I’ve been musing a bit on two different sorts of environmentalism, and I’ve recently come across two good exemplars.
First, in Orion, Curtis White argues that environmentalists are involved in a futile enterprise as long as they fight from within the system — as long as they use technoscientific, rationalist, bureaucratic language to fight problems that technoscientific, rationalist bureaucracies have wrought. We shouldn’t blame big bad corporations. We are the problem. Nothing will change until we change our fundamental worldview.

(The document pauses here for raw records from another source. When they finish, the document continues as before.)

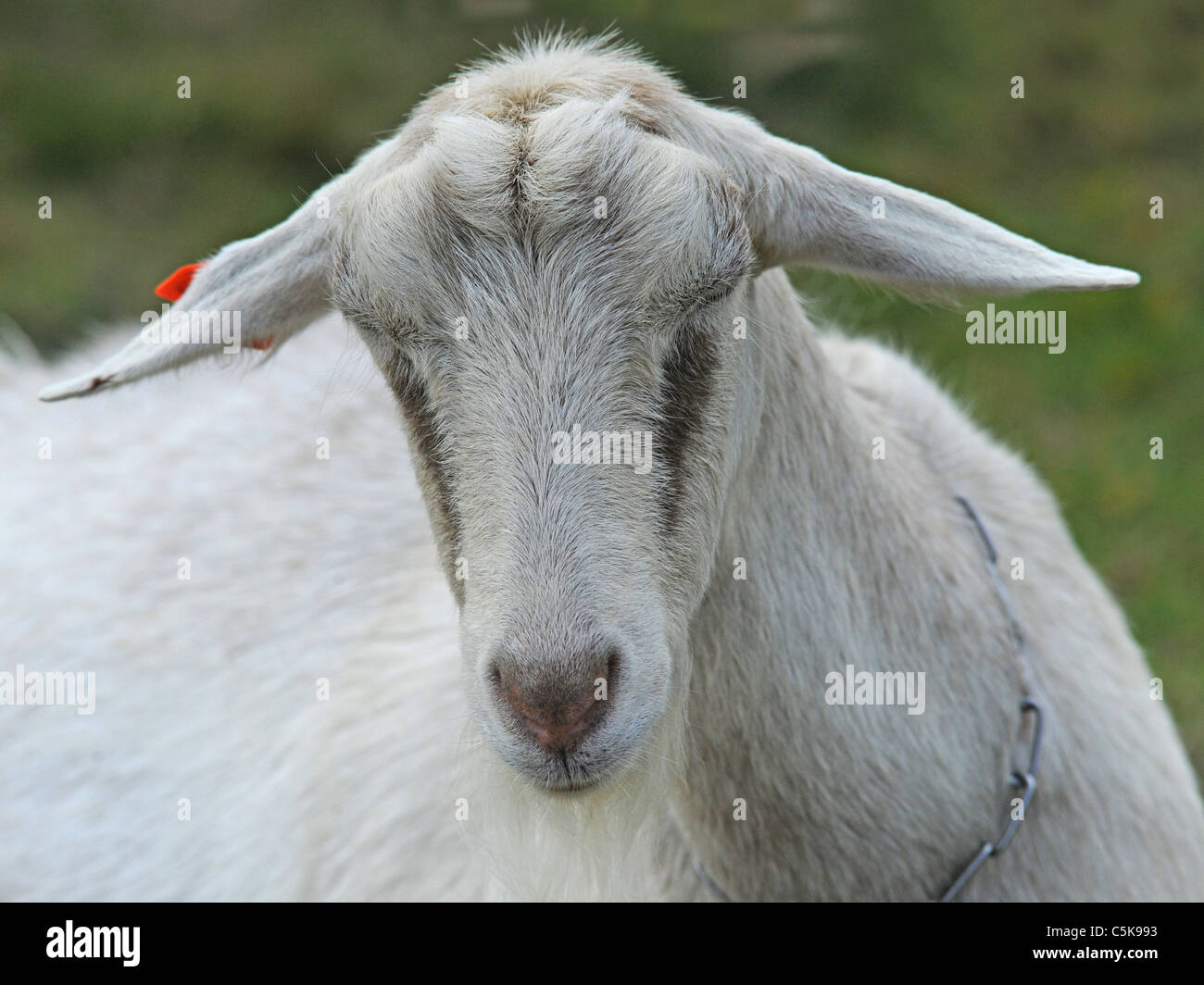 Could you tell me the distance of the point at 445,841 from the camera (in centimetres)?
332

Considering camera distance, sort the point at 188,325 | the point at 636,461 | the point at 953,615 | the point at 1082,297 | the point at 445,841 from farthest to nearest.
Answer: the point at 1082,297
the point at 445,841
the point at 953,615
the point at 188,325
the point at 636,461

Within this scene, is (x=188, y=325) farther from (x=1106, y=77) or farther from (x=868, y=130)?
(x=1106, y=77)

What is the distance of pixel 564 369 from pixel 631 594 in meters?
0.36

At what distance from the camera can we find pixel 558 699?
2102 millimetres

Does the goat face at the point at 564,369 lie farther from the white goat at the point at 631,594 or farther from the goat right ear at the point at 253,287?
the goat right ear at the point at 253,287

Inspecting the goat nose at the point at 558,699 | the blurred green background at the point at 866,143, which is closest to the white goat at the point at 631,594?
the goat nose at the point at 558,699

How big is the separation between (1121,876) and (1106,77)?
6.84 metres

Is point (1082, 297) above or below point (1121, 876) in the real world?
above

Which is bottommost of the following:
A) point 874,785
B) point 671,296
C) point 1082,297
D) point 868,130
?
point 874,785

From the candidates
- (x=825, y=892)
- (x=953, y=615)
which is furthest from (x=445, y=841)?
(x=953, y=615)

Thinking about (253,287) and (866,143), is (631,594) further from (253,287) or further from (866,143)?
(866,143)

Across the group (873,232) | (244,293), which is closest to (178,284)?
(244,293)

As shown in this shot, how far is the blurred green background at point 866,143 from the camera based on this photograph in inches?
260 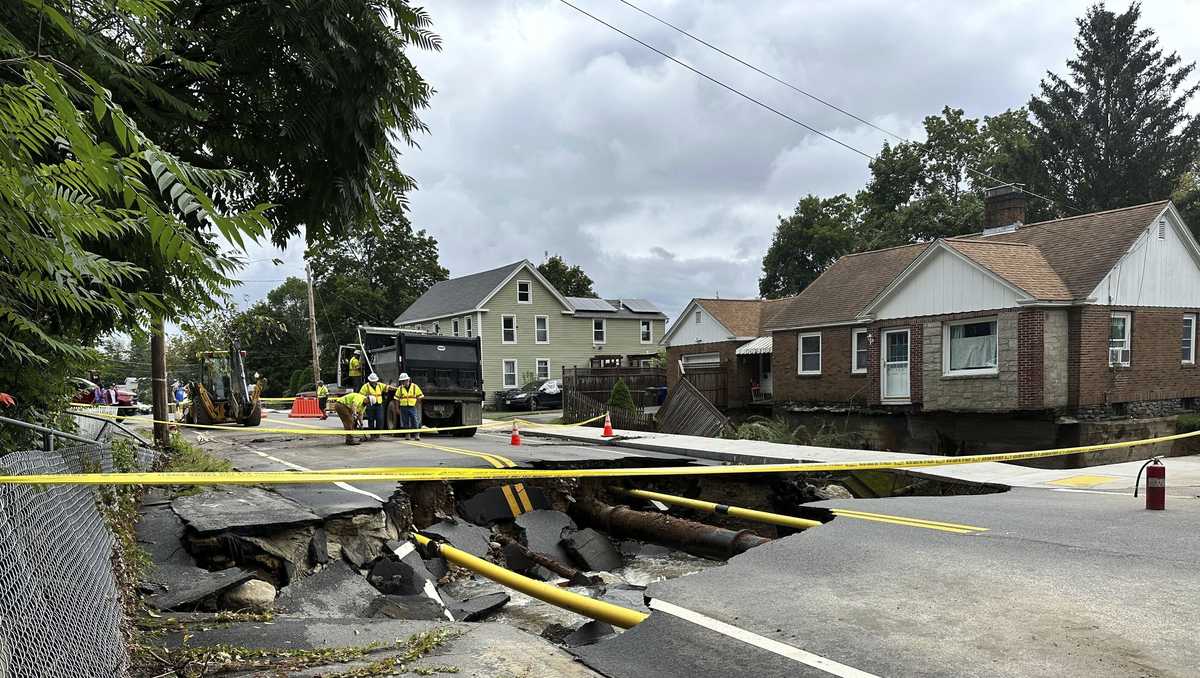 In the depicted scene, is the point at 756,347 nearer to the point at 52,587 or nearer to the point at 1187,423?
the point at 1187,423

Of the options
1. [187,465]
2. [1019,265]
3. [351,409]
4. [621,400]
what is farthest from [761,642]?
[621,400]

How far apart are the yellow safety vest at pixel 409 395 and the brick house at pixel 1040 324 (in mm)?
12955

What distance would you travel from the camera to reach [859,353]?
2348cm

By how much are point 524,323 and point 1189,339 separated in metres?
31.8

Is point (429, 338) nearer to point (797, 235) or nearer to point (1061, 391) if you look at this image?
point (1061, 391)

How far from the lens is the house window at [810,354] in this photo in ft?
82.7

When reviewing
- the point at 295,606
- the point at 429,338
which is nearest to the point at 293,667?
the point at 295,606

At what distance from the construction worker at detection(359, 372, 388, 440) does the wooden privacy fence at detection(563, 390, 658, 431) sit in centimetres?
772

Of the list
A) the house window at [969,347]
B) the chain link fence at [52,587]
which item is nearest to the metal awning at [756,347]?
the house window at [969,347]

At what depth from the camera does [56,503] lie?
3.91 meters

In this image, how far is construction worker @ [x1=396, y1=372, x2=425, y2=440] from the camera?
720 inches

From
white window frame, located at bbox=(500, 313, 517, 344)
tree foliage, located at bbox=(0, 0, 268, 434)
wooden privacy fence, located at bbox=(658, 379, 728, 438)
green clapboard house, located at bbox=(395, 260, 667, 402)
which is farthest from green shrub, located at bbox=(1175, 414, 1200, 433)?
white window frame, located at bbox=(500, 313, 517, 344)

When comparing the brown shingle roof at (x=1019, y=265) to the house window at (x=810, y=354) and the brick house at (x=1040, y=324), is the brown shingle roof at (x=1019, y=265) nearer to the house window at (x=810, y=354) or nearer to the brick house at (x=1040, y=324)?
the brick house at (x=1040, y=324)

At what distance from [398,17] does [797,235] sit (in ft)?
205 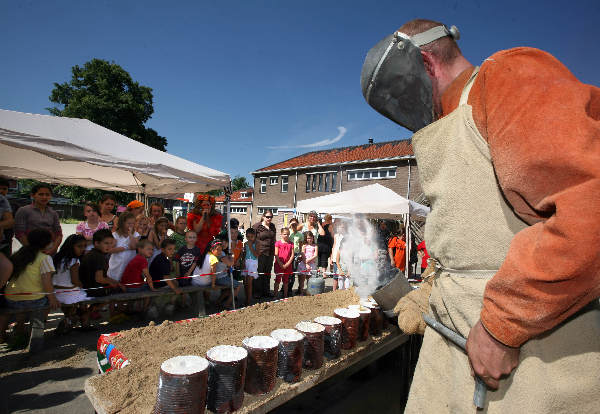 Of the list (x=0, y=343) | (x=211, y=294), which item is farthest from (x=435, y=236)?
(x=211, y=294)

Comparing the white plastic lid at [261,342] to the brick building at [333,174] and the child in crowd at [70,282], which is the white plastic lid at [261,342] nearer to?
the child in crowd at [70,282]

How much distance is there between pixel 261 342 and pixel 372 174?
64.4 ft

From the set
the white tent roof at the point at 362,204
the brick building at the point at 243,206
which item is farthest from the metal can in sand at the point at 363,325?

Next, over on Old Man in a Cave (an interesting new blog you should check out), Fergus Brown makes a different point:
The message here is simple: yes, the climate system is at risk of being changed for the worse because of CO2 emissions. No, it isn’t our fault – not us, the end-user, the taxpayer, the car driver or holidaymaker. The risk comes from energy production and industry. The fault lies with the infrastructure which lies at the heart of a developed economy, and with the investment and shareholding system which underlies our commerce and our comfort. It is not an easy thing to change the way in which we work, especially when the values which matter are purely economic and fiscal, and not ethical or social. It is not an easy thing to move the balance of power away from an inequitable hierarchy towards a more genuinely Democratic distribution of wealth, whilst avoiding spiralling inflation, recession or shifts in international power-dynamics. But, if there is any hope of actually preventing CO2 emissions from reaching levels which lead to the worst of the predicted outcomes in the next hundred years, then this is what will have to be done, somehow.
Though Brown cites ethical and social values, fundamentally he’s talking about tweaking the rules of modern capitalist democracies to make them work better and more equitably. And he’s specifically rejecting the notion that average citizens should feel guilty about their unavoidably destructive lives.
So which is it? Are we waiting for a fundamental spiritual awakening, or are we just trying to make our developed societies work better and more cleanly?